The use of a spotter is always a good idea.

17) Exercise care when applying the throttle. Excess throttle will cause wheel spin (digging) and could stop forward movement. Don’t dig with your wheels, otherwise you’ll be digging with a shovel!

18) Momentum of a fast moving vehicle will always overcome the drag and reduce the traction needed from the wheels. When it is clear that NO obstacle is in the way to cause damage, a fast approach to a steep hill, soft sand, mud, etc., can very often be effective.

Keep wheel spin to a minimum, thus keeping forward movement.

19) When crossing ditches, ruts, logs, etc., always try to keep as many wheels as possible on the same type of surface. Avoid getting the wheels airborne. Also ditch & log crossing should be done at 45-degree angles, not head on, thus keeping traction loss to one wheel only.

20) Always be aware of obstacles under your vehicle, keeping in mind you only have so much ground clearance. Avoid existing deep ruts, sudden changes in slopes, plus remember your approach and departure angles.

Always be aware of where your Right-Rear tire is, and what it's about to contact.

21) Maximum advisable wading depth is approx 20-inches. If equipped, fit the bellhousing wading plug prior to setting out. Make sure your engine air intake does not suck water, otherwise great engine damage will occur. Though some vehicles are known for driving through deep water, we don’t suggest it (you need specialized vehicles & equipment). If you have to cross that stream, survey it first. If the water is glass smooth and you can’t see the bottom, a muddy bottom is usually the norm. If choppy and rough, rocks are then the cause. When surveying you’ll have to check depth, current speed, condition of the stream bottom (does it offer traction or not?). Don’t try driving against the current, and if you have to cross, take it a right angles, or angle your way down stream to the opposite bank, letting the current help you along. You are in... don’t splash, this will normally cause an engine to be soaked (causing it to quit, or suck water down the air cleaner). Begin slowly and create a "bow-wake", taking care to keep a steady speed.

22) After driving through deep water (or mud), make sure your brakes are dried out immediately, thus being fully operational when needed. This can be done by driving a short distance with the brake pedal applied lightly. You should also check your air filter for water.

23) When dealing with mud, refer to #10, 13, 14, 15, 16, 17 & 18 for starters. Now think about what gear you’ll use, we normally try second gear low-range (possibly 3rd with a V8 & automatic), keep a steady speed, not too fast, and try not to spin the wheels, as if they are, you are not going forward. If you loose forward movement, lift off the throttle slightly, enough to stop the spinning and see if you regain traction, normally you well.

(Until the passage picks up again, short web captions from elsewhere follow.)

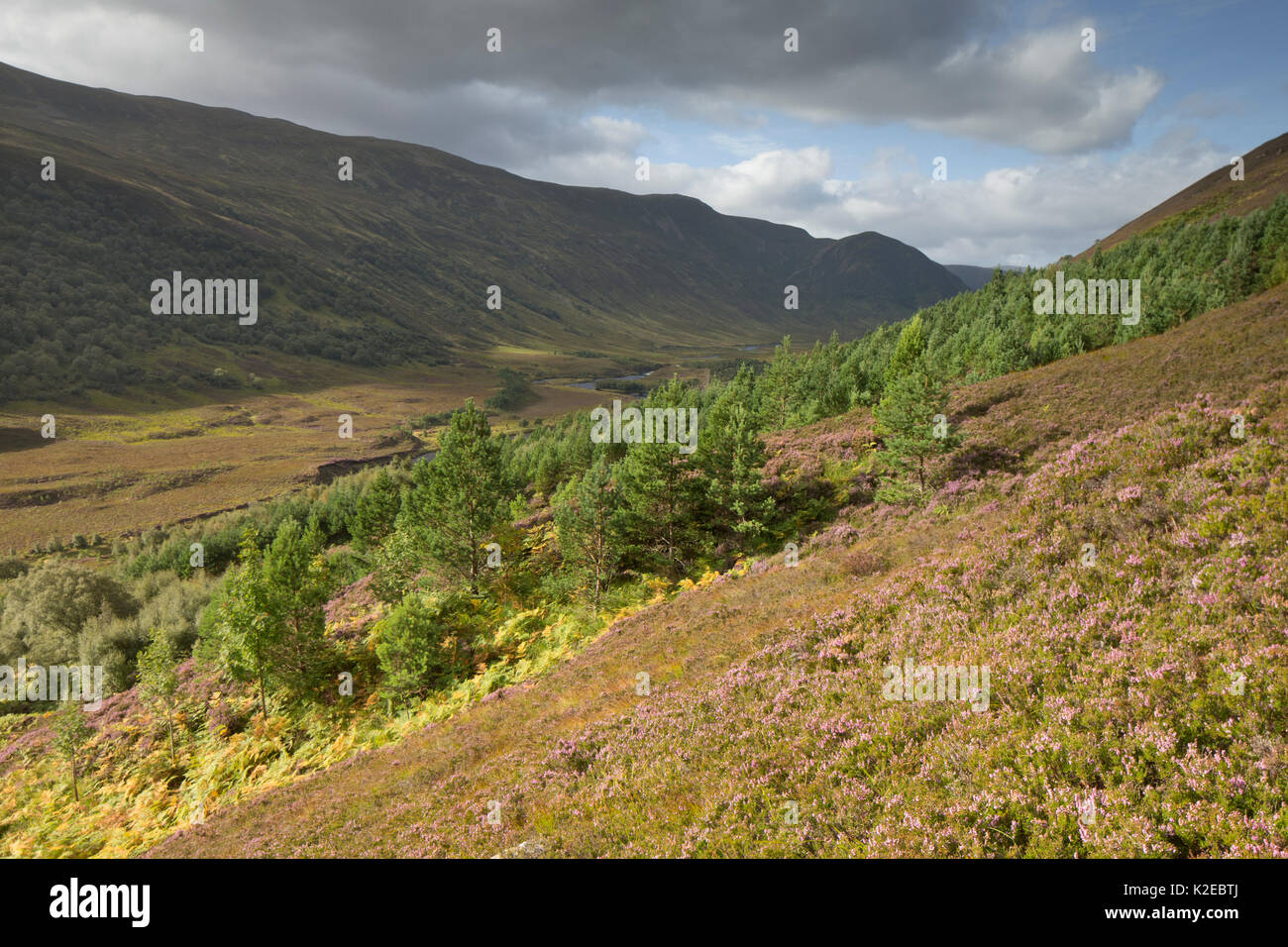 Native woodland regenerierende entlang Urstromtal, Glen Mhor, Alladale Wilderness Reserve, Sutherland, Schottland, UK, September 2014. Stockfoto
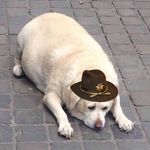 Profile Picture of Matthew Musser (@yellowbellysheriff) on Instagram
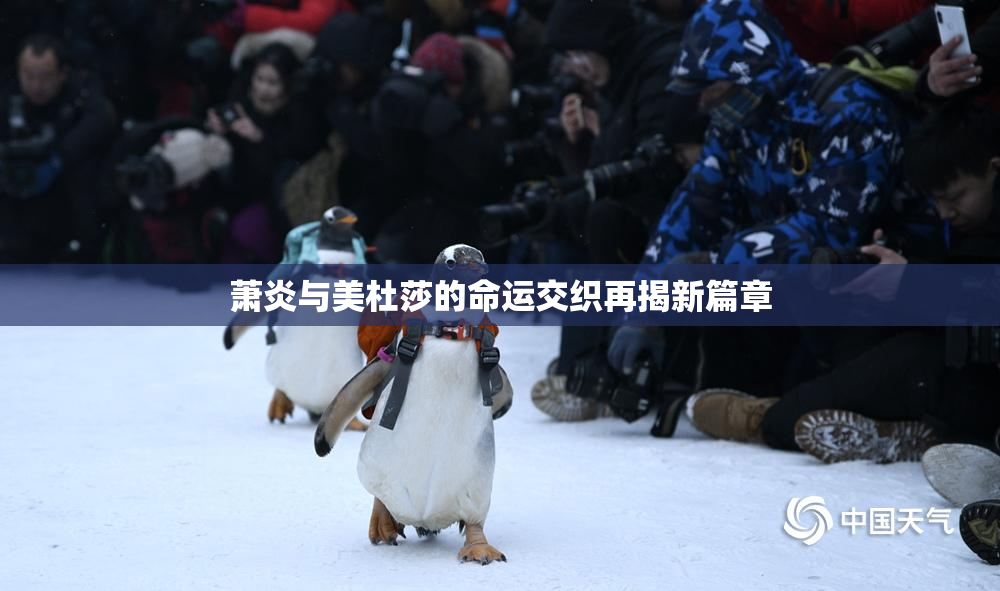 萧炎与美杜莎的命运交织再揭新篇章
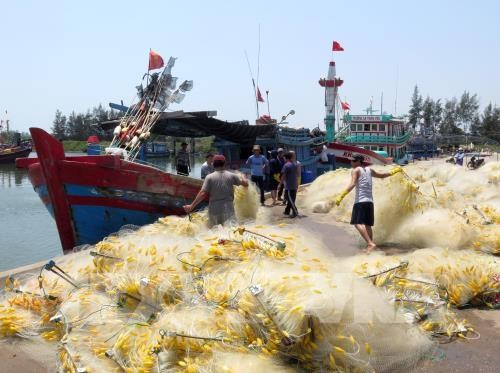Kota Da Nang memperkuat usaha mencari asal-usul hasil perikanan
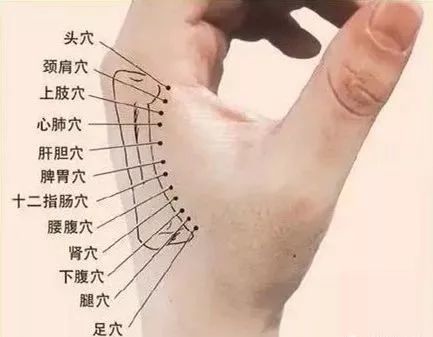这块骨头硬的人,一般寿命都比较长,为什么?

Throttle control and traction is the key to driving in the mud.

24) Should you get stuck, careful thought and experience will usually provide a solution. However, the trick is not to get stuck in the first place. The idea of having a winch is great, but just in case you don’t have one, look at your situation, then clear any/all obstacles from in front of all four tires. Adjust air pressure as necessary, then begin a rocking motion (forward-reverse, etc.). In most cases it will do the trick. If not, it may be necessary to jack up the car and place rocks, matting, etc., under the tires for added traction. It may also be necessary to remove all payload from the load space area.

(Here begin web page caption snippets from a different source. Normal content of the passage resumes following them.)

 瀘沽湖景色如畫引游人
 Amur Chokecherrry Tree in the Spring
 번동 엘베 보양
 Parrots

25) Driving in the snow can be a daily chore for some, or fun for others. The problem isn’t the snow, but the ice under it. Let’s talk freeway snow driving: You’re headed east for Reno over Donner Pass, the summit is some 7300 feet above sea level, the snow line begins a 3000 feet, the CHP has a chain requirement up and is advising all to stay away. So what do you do? Head for the mountains no doubt. Whether you are going skiing for the weekend, or on business, if the CHP has warnings and requirements up, stay home! That cures that, right? No? Like most you’ll go anyway, clogging the roads for all those that have to get across. Don’t, stay home... please.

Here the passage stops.